*Recorded data*

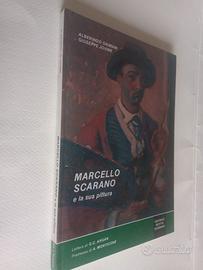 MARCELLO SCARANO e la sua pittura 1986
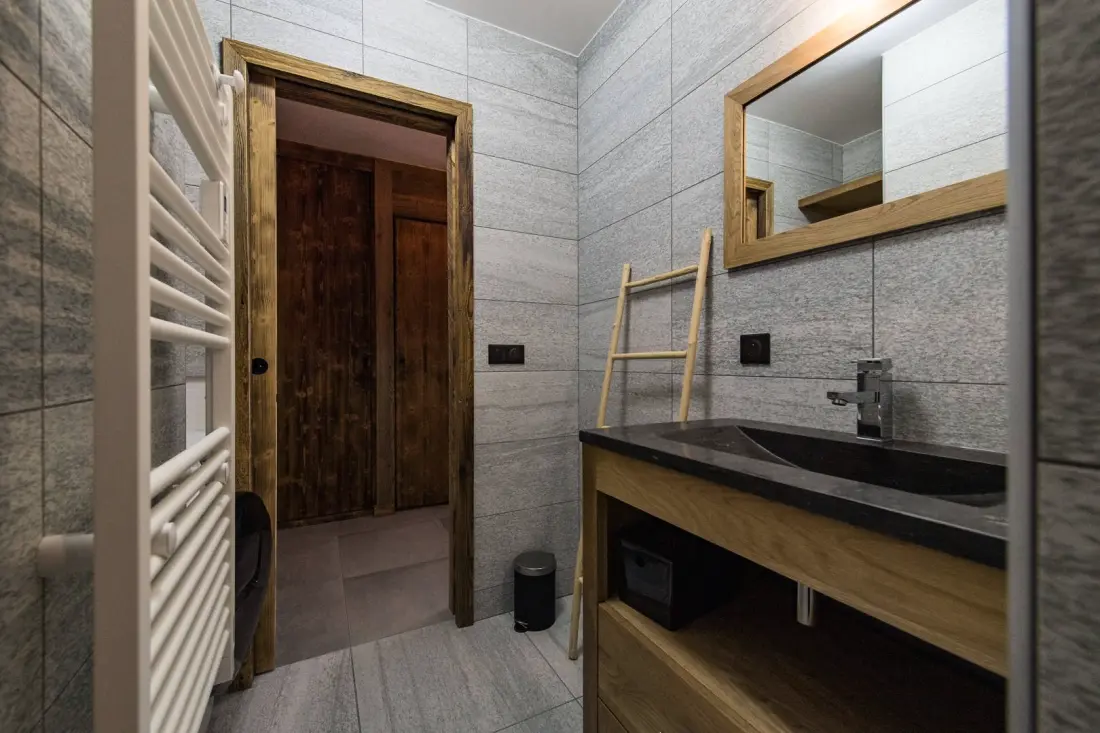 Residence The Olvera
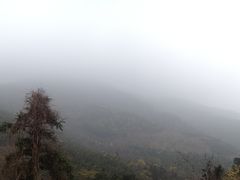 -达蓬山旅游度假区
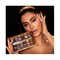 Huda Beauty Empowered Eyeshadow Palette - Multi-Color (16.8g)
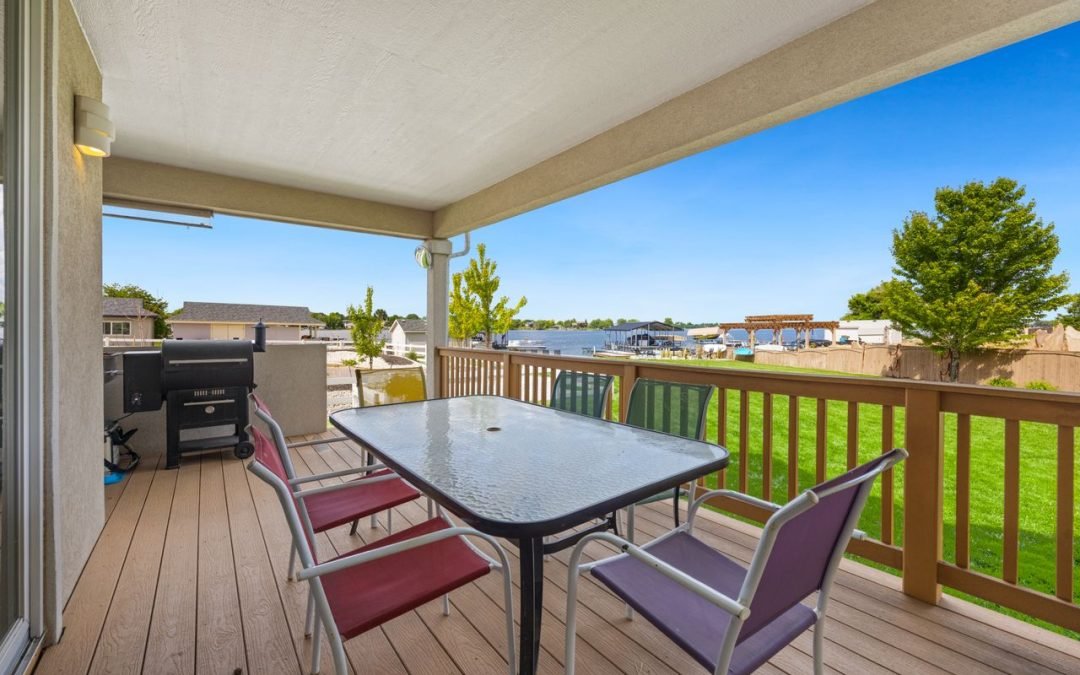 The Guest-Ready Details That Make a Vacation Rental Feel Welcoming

*Aim of the task*
Could you repeat all of the entries exactly, without any of the images?

*Response below*
 MARCELLO SCARANO e la sua pittura 1986
 Residence The Olvera
 -达蓬山旅游度假区
 Huda Beauty Empowered Eyeshadow Palette - Multi-Color (16.8g)
 The Guest-Ready Details That Make a Vacation Rental Feel Welcoming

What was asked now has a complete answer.